Мои вечера (Изюмский) - страница 18

— Досадное недоразумение… По недосмотру машинистки выпала из списка…

* * *

В 1951 г., уже после ухода из Армии в запас, уехал я поработать в ялтинский Дом творчества. Моим соседом по комнате оказался писатель Роман Ким, автор повести «Тетрадь, найденная в Сунчоне». Внешне он очень походил на корейца. Однажды Роман спросил меня:

— Как вы насчет стакана виски со льдом?

Так как я никогда в жизни виски не пил, то меня разобрало любопытство:

— А почему бы и нет?

Завязалась беседа. Роман одинок, никого нет у него на белом свете.

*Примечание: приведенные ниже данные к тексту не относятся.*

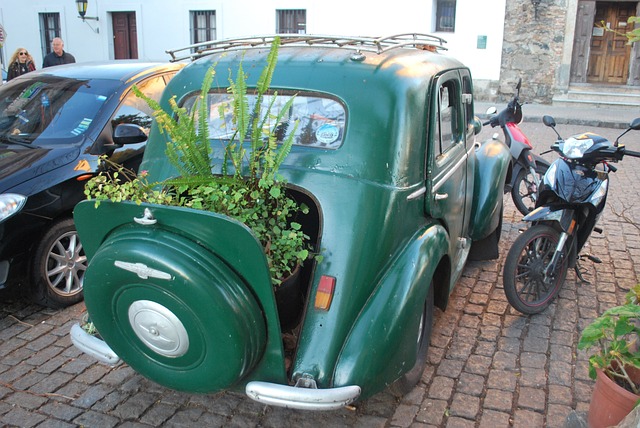 image from Bus Tours Colonia del Sacramento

В застолье он мне рассказал свою историю. Он был нашим разведчиком в Японии, как Зорге. Но вот в… — м году его обвинили в шпионаже в пользу Японии, отозвали и приговорили к смертной казни. Сидит в камере-одиночке, ждёт своего конца.

«Комната раза в два больше этой. И вдруг её стали заполнять аппаратурой. Что такое? Оказывается, началась война с Японией, а я знал шифры, аппаратуру как никто другой. Кончилась война, меня помиловали, наградив за боевые заслуги орденом „Красной Звезды“».

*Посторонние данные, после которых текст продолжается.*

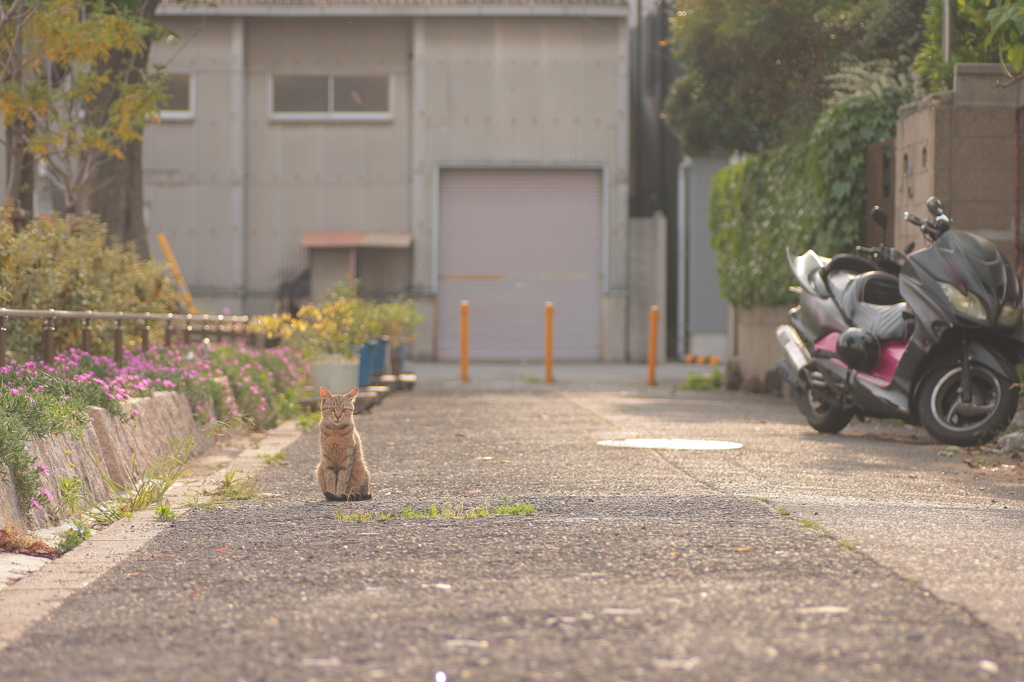 PHOTO－０１２５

Он налил себе ещё стакан виски, бросил в него ледышки.

* * *

Там же в Ялте сблизился я с писателем Григорием Медынским. В его внешности было что-то от священника, да он и происходил из духовенства. Фразу о депутате как «слуге народа» переделал по-своему — «не слуга, а часть его». Правдолюб, максималист, он в это время заканчивал свою «Трудную книгу» — о молодых преступниках-заключённых. Никто не хотел её печатать, уж больно остра, и вдруг нашёлся смельчак Политиздат. Книга имела колоссальный успех, как и его пьеса «Преступление и наказание Антона Шелеста». Мы часами говорили с Медынским на темы воспитания, находя много общих оценок, он об этом и в автографе написал.

Вообще «ялтинские посиделки» в памяти остались на всю жизнь. Вот Виктор Шкловский с головой, похожей на огромный бильярдный шар, говорит:

— Я зашёл к нашему ангелу смерти, спрашиваю его: сколько положено на мои похороны? У меня сейчас денег нет, давайте половину, и мы квиты.

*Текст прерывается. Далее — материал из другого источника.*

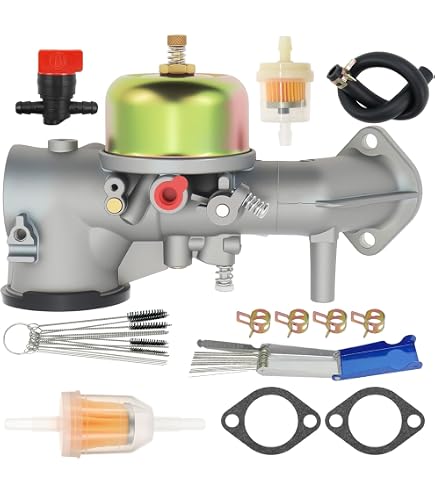 Nuovo carburatore con guarnizione per Briggs & Stratton 491031 490499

Это он на бракоразводном процессе воскликнул:

— Любовь не судят!

Возле крыльца стоит, опираясь на костыли, одноногий, в кожанке Вадим Собко, похожий на аиста, кричит мне:

— Пан полковник, поехали. Хлопнем по маленькой.

В последний день войны этот красавец нарвался на мину и лишился ноги.

А вот сцепились в моей комнате бородач Юлиан Семёнов, только что изъездивший наши лагеря в поисках своего невинного отца, и тишайший, прилизанный Анатолий Кузнецов.

— Партия целиком может ошибаться! — рычит Юлиан, теребя бороду.

— Поклёп, — не соглашается будущий господин Анатоль, что бросит родину, жену, мать, беременную любовницу, — партия всегда права.